▶ **Required work**
Write out the data exactly from its first line onward, ending with the line in which "Structural Mezzanine, 8'H, 11'" appears.

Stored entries
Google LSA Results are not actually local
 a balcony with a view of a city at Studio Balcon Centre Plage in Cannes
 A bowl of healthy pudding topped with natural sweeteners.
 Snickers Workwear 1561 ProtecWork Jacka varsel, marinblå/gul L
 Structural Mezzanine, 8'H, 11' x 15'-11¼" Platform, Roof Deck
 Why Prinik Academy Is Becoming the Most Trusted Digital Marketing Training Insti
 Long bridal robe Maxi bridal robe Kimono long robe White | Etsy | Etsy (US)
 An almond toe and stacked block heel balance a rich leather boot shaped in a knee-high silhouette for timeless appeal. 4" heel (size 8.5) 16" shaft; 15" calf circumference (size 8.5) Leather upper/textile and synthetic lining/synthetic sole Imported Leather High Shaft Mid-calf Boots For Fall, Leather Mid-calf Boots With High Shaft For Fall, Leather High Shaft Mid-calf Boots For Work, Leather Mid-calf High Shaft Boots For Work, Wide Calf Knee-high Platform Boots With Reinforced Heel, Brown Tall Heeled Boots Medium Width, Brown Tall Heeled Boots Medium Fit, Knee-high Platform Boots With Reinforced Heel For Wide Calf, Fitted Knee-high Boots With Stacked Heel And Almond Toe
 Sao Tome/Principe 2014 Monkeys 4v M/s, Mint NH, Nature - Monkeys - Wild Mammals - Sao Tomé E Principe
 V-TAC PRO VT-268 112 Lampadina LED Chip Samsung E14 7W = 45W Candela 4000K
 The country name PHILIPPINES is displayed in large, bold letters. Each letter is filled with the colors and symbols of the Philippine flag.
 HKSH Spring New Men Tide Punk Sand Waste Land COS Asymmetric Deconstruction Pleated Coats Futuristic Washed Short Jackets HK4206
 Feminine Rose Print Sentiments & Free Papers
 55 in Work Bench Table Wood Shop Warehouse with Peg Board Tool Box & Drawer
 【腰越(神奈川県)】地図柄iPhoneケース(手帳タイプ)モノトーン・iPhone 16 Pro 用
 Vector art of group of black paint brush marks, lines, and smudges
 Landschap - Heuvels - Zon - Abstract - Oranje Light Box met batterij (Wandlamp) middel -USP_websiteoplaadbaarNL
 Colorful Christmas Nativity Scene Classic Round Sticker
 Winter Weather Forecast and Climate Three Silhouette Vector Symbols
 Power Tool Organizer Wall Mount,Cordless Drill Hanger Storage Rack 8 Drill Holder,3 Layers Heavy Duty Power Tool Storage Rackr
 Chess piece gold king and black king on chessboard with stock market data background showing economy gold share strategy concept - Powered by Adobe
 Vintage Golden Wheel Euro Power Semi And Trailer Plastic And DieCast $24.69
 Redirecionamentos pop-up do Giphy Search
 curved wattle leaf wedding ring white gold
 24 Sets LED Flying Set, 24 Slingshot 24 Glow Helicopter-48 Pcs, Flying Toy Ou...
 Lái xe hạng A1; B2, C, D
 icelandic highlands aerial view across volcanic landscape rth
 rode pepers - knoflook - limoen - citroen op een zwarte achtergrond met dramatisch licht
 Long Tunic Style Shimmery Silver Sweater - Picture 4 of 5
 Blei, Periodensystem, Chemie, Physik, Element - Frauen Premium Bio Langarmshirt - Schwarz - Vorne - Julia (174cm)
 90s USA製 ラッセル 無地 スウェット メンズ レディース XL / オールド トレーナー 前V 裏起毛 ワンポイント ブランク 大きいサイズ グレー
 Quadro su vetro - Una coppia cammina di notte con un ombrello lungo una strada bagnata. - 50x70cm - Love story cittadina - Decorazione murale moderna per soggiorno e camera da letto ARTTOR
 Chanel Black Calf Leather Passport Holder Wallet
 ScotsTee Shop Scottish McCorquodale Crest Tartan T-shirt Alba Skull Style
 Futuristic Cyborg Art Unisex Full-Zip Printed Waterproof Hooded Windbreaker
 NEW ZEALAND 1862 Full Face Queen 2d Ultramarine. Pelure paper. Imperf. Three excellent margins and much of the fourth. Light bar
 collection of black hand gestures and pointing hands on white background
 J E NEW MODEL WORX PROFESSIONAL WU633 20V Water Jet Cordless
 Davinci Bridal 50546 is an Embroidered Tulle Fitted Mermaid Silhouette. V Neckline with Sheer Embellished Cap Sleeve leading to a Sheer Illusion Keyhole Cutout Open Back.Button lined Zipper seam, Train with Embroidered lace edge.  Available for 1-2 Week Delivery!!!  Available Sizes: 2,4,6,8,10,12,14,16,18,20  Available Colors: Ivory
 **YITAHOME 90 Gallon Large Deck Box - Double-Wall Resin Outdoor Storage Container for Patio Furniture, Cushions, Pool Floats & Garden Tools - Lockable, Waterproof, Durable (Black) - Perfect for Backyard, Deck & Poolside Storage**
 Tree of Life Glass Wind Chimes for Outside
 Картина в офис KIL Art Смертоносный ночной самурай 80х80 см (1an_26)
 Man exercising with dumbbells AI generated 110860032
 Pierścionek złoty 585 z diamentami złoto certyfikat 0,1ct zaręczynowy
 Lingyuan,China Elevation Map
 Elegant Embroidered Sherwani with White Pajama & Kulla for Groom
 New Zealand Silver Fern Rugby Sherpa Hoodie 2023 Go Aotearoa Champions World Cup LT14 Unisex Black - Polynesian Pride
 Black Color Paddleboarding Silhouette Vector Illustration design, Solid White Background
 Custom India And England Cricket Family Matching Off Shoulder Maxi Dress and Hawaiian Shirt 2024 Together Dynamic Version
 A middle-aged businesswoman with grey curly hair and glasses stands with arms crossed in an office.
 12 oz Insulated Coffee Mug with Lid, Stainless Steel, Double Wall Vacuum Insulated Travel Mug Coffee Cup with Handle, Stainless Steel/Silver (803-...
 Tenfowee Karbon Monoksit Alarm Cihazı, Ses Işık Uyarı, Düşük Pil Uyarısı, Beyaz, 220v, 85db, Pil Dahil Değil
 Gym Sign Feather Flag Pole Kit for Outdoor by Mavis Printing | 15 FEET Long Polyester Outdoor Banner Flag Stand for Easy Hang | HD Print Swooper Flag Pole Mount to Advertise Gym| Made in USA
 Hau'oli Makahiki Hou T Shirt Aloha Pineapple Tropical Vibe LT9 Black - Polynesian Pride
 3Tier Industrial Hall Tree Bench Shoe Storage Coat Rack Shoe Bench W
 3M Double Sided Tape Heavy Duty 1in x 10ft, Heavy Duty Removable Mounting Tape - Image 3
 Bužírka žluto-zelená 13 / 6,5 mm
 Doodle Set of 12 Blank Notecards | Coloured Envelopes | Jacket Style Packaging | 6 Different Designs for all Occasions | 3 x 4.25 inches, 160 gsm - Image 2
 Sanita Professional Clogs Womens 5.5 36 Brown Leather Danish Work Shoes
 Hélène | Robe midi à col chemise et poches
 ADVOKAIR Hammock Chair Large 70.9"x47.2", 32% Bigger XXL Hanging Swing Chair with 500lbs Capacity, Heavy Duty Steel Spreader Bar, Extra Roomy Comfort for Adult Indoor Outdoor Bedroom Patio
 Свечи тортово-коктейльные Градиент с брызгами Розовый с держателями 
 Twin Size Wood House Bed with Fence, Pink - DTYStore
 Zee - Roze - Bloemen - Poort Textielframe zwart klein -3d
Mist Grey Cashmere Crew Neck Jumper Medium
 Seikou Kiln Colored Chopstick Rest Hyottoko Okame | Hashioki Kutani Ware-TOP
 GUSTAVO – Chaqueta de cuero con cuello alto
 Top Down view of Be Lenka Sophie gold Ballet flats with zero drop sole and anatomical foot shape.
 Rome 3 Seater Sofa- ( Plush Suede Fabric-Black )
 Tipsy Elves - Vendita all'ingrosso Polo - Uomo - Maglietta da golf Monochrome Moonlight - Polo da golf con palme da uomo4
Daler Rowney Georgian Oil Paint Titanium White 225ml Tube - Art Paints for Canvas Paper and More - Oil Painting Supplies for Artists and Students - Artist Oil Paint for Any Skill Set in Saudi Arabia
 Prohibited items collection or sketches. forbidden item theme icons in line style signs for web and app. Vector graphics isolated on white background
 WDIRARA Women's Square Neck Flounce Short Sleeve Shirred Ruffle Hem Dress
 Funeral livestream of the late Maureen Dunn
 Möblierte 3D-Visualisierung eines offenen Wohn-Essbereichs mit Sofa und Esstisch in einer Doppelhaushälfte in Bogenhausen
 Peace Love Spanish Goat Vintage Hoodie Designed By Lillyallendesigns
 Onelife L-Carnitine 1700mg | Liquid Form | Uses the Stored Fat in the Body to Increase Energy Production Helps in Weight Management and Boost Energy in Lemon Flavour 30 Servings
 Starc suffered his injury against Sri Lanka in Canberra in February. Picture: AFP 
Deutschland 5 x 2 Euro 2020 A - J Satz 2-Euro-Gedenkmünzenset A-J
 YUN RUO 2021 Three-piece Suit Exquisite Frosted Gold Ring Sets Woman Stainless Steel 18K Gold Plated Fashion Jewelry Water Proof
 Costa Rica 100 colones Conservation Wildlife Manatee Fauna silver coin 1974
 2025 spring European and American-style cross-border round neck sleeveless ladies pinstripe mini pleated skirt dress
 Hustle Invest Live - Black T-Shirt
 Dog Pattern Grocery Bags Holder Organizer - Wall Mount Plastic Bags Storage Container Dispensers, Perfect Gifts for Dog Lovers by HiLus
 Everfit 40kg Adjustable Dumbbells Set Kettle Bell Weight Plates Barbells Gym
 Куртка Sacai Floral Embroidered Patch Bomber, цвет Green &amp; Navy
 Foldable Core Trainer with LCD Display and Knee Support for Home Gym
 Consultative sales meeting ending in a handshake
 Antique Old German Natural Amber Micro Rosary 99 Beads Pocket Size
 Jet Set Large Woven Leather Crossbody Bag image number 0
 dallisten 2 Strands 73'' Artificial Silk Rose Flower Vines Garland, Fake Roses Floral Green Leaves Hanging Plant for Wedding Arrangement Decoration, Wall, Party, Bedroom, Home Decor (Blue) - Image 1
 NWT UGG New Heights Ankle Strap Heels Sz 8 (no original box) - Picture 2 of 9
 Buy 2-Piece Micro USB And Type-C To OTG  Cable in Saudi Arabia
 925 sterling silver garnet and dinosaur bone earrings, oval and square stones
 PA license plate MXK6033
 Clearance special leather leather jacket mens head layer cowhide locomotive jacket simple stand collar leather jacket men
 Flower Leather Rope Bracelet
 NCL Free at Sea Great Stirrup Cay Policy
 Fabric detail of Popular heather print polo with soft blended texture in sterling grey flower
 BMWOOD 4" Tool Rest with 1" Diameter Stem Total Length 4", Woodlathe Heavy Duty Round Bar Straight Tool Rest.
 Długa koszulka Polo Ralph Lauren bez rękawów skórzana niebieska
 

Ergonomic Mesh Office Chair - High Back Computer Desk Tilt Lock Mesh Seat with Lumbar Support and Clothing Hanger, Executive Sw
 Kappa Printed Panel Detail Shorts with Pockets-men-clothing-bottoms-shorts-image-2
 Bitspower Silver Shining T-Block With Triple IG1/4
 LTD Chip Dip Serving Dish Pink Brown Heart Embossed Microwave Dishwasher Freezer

▶ **Answer space**
Google LSA Results are not actually local
 a balcony with a view of a city at Studio Balcon Centre Plage in Cannes
 A bowl of healthy pudding topped with natural sweeteners.
 Snickers Workwear 1561 ProtecWork Jacka varsel, marinblå/gul L
 Structural Mezzanine, 8'H, 11' x 15'-11¼" Platform, Roof Deck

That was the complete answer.